# Specific Implementations

*Specific implementations* are methods for taking certain data structures and converting them into retroactive data structures, using specific strategies outlined in Demaine et al 2007 in order to optimize for speed.

## Queue

A queue permits `enqueue`

and `dequeue`

operations on an ordered collection of data.

**Partial retroactivity**: O(1).

Creating a partially retroactive queue involves storing a doubly-linked list of items, inserting whenever an `enqueue`

is made, but *not* deleting any old data when a `dequeue`

is made – because that `dequeue`

operation might be deleted later, for example.

Instead, two pointers, `F`

and `B`

, point to the items at the front and back of the queue when t=0; these two pointers are moved according to the proper logic whenever an `enqueue`

or `dequeue`

is retroactively inserted or removed. Then, querying is as simple as looking up those two pointers.

Unlike the other retroactive data structures, this data structure has a few quirks. First, the time at which a retroactive operation is inserted or deleted cannot be specified by an integer number: it must instead by specified by a pointer to a reference operation which occurs immediately after the time when the operation is to be retroactively inserted. Inserting an operation must therefore return a pointer to that operation, in case the operation is used later as a time reference. The pointer is used to instantly navigate to therelevant part of the doubly-linked list in O(1) time. One possibility is that the data structure could be converted to a form which uses integer times, with a binary tree on top of the doubly-linked list; to insert or remove an operation would then be O(log m), instead. A second quirk of the interface is that it does not have a single `query`

() method: instead, there are two possible queries that can be made – `front`

() and `back`

().

**Full retroactivity**, O(log m): See *Deque*.

A better fully retroactive solution exists, which is O(log m) but O(1) for present-time operations. This requires an implementation of order-statistic trees (Cormen et al, 2001).

## Stack

**Partial retroactivity**, O(log m): See *Deque*.

**Full retroactivity**, O(log m): See *Deque*.

## Deque

**Partial retroactivity**, O(log m): Implied by fully retroactive solution.

**Full retroactivity**, O(log m). Requires an implementation of modified (a,b)-trees.

## Union-Find

**Partial retroactivity**, O(log m): Implied by fully retroactive solution.

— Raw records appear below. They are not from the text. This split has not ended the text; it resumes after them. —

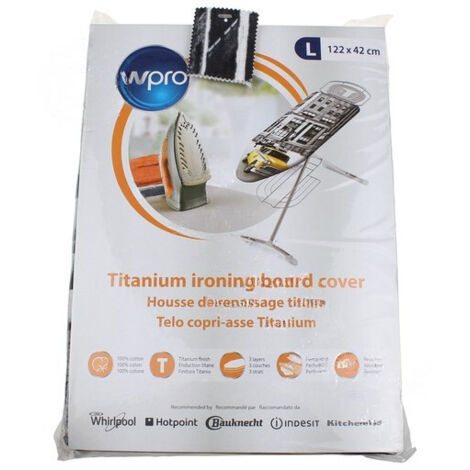 Wpro - housse pour planche a repasser 122x42cm - 484000008534 - (1/2)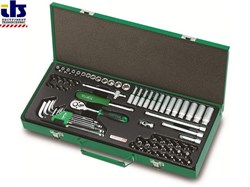Набор головок, ключей и бит 1/4&quot; 72пр. метал.кейс TOPTUL (GCAD7202)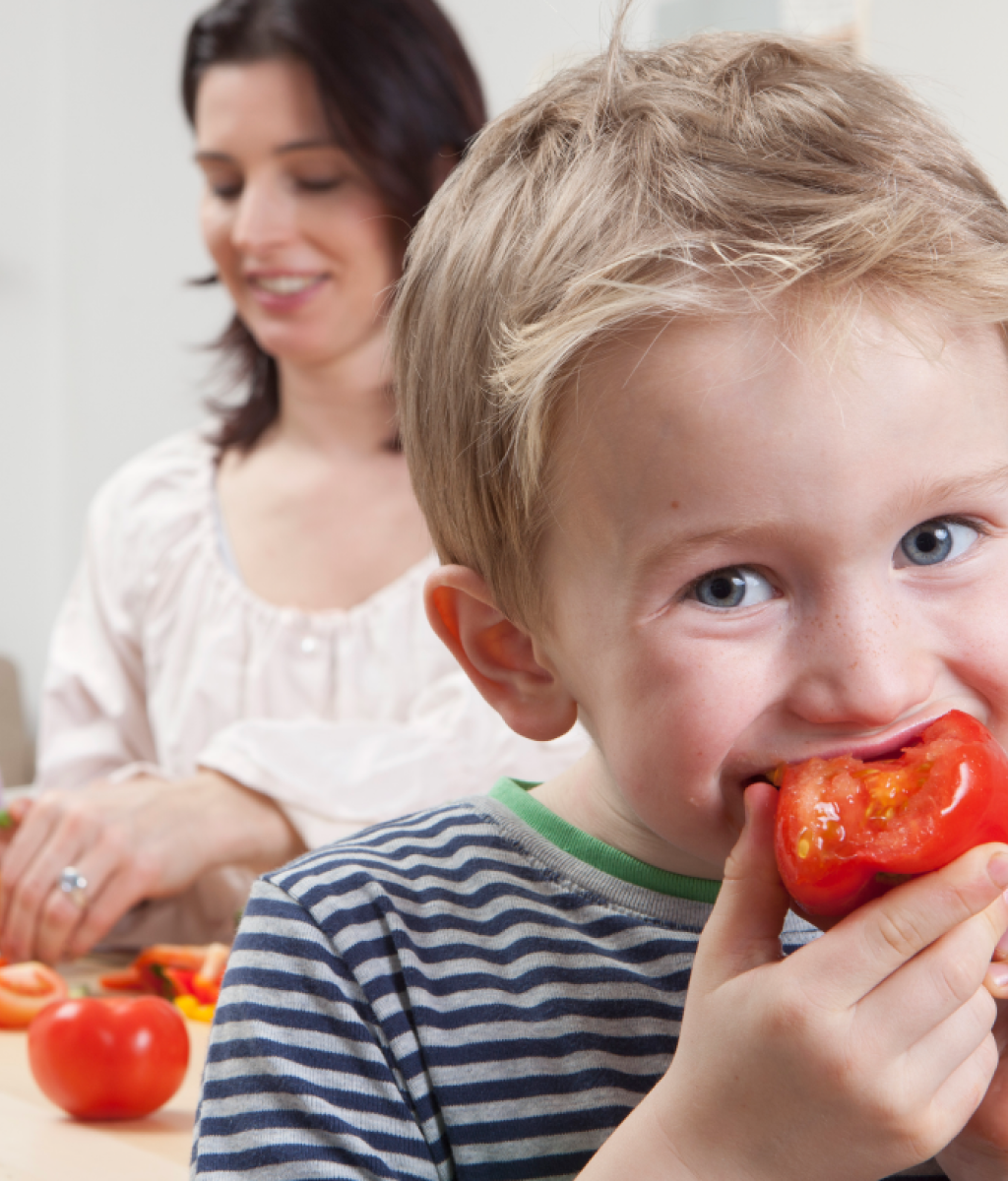 Świeże warzywa w przedszkolu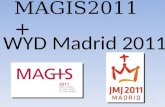 MAGIS2011 + WYD Madrid 2011 1. 1. Rückblick 1.1. Die Weltjugendtage 1.2. Ignatianische Vorprogramme 1.1. Die Weltjugendtage 1.2. Ignatianische Vorprogramme.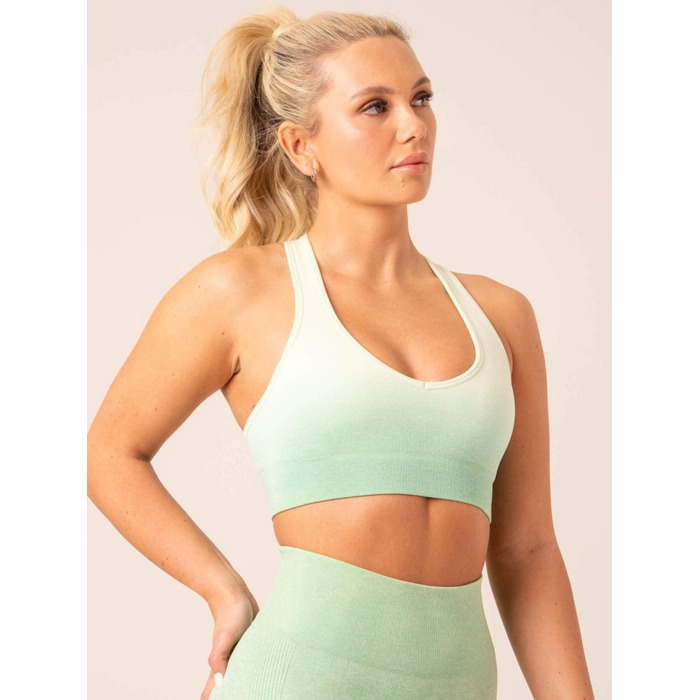 Топ Ryderwear Ombre Seamless Sports Bra - Lime Ombre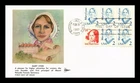 US COVER MARY LYON GREAT AMERICANS FIRST DAY ISSUE COMBO GILL CRAFT CACHET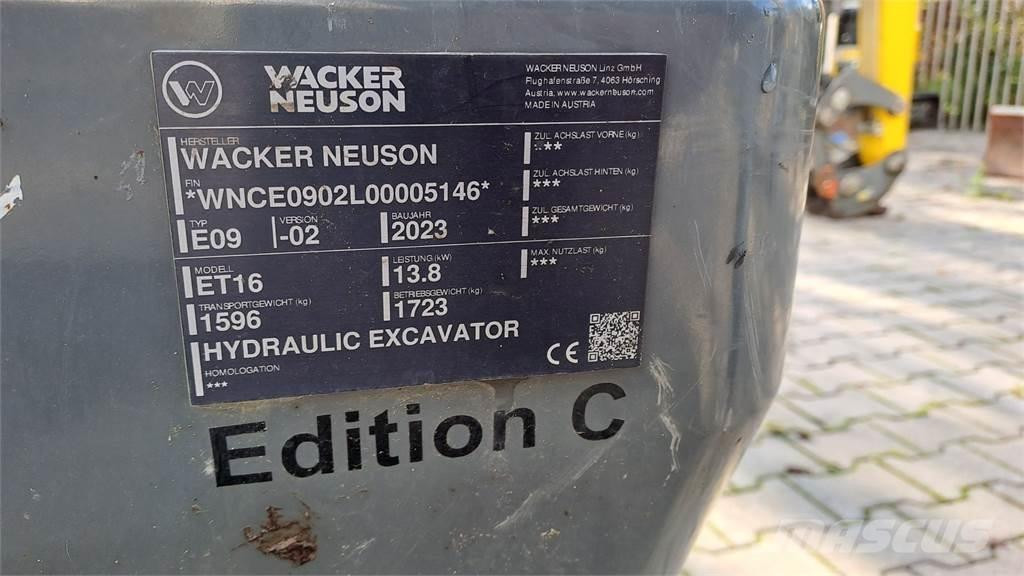 Wacker Neuson ET16 Escavatori cingolati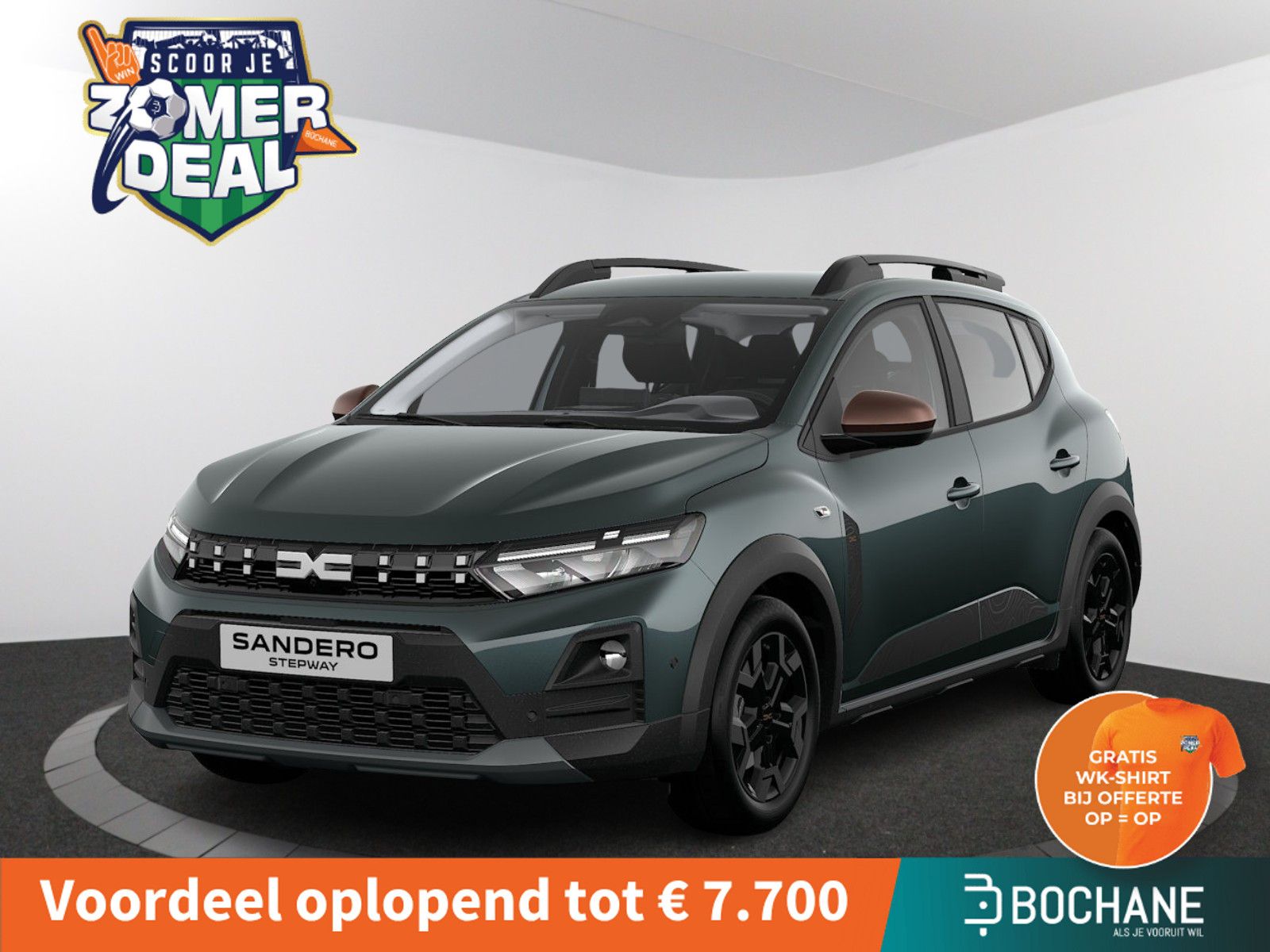 Dacia SanderoStepway – vooraanzicht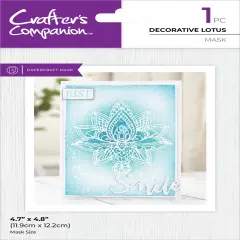 Crafter's Companion Mask-Decorative Lotus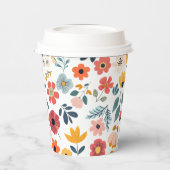 Gobelets En Papier Modern Floral Baby Shower (Gauche)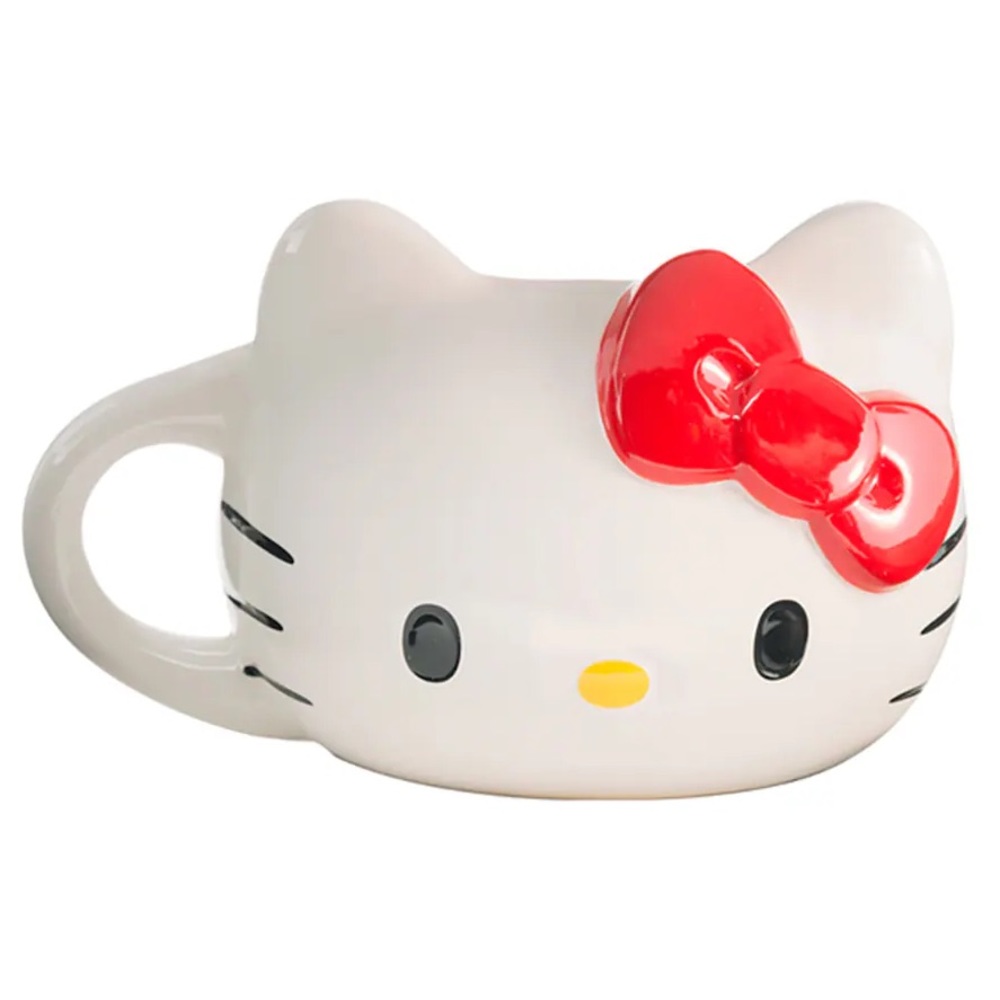 🎀 Sanrio Hello Kitty Figural Sculpted Coffee Tea Mug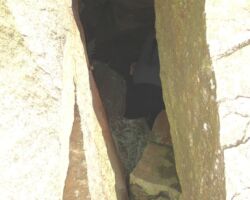 Cracken Edge quarries and mine entrance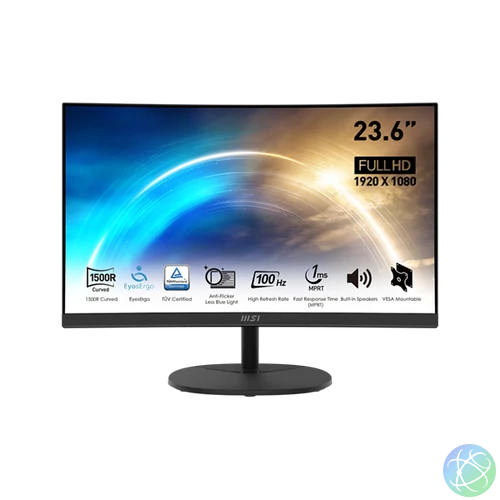 MSI 23,6" PRO MP2412C FHD VA 100Hz HDMI/DP fekete ívelt Business monitor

**Full retroactivity**, O(log m). Requires an implementation of link-cut trees.

## Priority Queue

**Partial retroactivity**, O(log m). Requires an implementation of modified (a,b)-trees.

**Full retroactivity**: Use the *General Transformation* from partial to full.

## Searchable, Dynamic Partial Sums

A searchable, dynamic partial sums (SDPS) data structure stores a sequence of numbers, and permits appending numbers at the end, computing the overall sum, or searching for the earliest point at which the sum exceeds a given threshold.

This data structure has commutative, invertible operations – allowing partial retroactivity to be achieved with no overhead.

**Partial retroactivity**: O(1).

Since operations on the “Searchable, Dynamic Partial Sums” data structure are commutative and invertible, partial retroactivity is easy: to `insert`

an operation, perform it; to `delete`

an operation, perform its inverse.

Some special wrapping was required to implement this in Python: it needs to be possible to determine the inverse of any operation. To fix this, the method `PartiallyRetroactiveSDPS.update(i,c)`

was modified so that it returns a function to use as an operation to pass to `insert`

and `delete`

; this function remembers `c`

as an attribute, enabling `delete`

to apply the inverse operation, `update(i,-c)`

.

It would be difficult to create a wrapper that works for all data structures with commutative, invertible operations, because of this same hurdle: determining the inverse of an arbitrary Python function. When the functions are defined beforehand, however, as with this implementation of partially-retroactive searchable dynamic sums, the task is more tractable.

**Full retroactivity**: Use the *General Transformation* from partial to full.